コラム

和紙糸

石川県の輪島に旅した時に、朝市の会場で見かけた和紙を使った織物がありました。紙で作ったというタオルやスカーフが店先にありました。手に取ったところ肌触りが良くて、夏の暑い時でも吸湿性があり、首に巻いても涼しげなのです。

和紙というと楮・三俣(こうぞ・みつまた)の木の繊維が丈夫で、紙幣の材料にも使われるほど、引張りや折れにも強いモノです。昔から番傘や物入れ、障子などに使われていて大変身近なものですが、織物に使われているとは思いもよりませんでした。

和紙の糸で作られたスカーフを買い求めました。
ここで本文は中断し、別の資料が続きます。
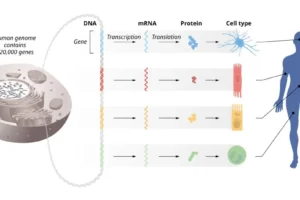 The flow of genetic information from DNA to mRNA to proteins. The identical genetic information is stored in DNA of all cells in our bodies. This requires precise regulation of gene activity so that only the correct set of genes is active in each specific cell type. © The Nobel Committee for Physiology or Medicine. Ill. Mattias Karlén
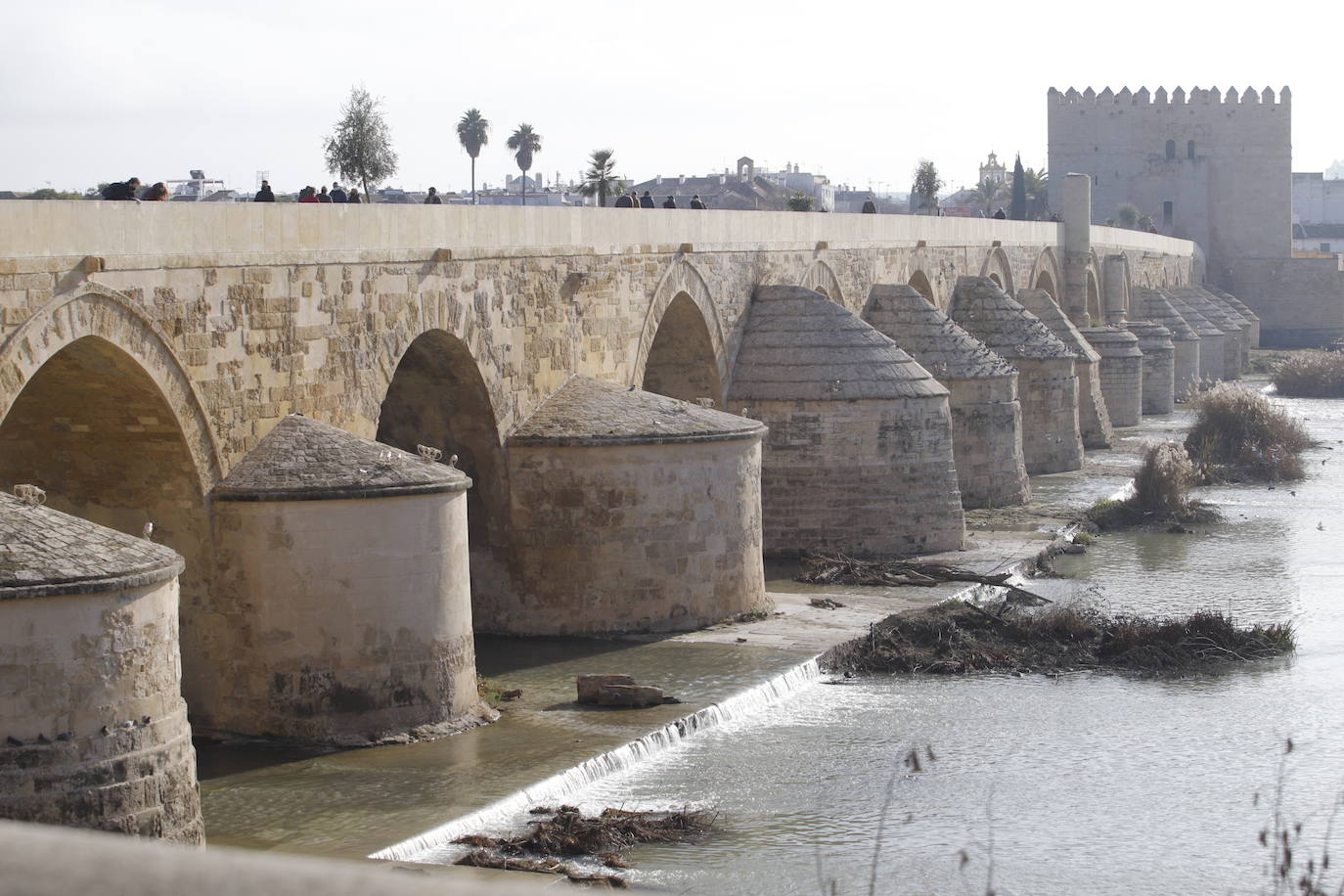 La situación del Puente Romano de Córdoba, en imágenes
和紙は繊維が長く、繊維の隙間に水分を含むことで、保湿効果があり、湿度が高いときには吸湿し、湿度が高くなると水分を放出して、まるでエアコンのような作用があると説明書にありました。紫外線カット率が高く、抗菌性があり、おまけに脱臭効果もあり、しかも軽いのです。紙ですから、焼却しても有害なガスが出ないで、土の中では分解されるというエコな材料です。

この和紙糸の素材はマニラ麻という植物から作られているのだそうです。マニラ麻の栽培には肥料は要らず、水だけで生育するといいます。しかも成長が早く植えてから2から3年で成熟して収穫できるのだそうです。材料のコストも低くできるのです。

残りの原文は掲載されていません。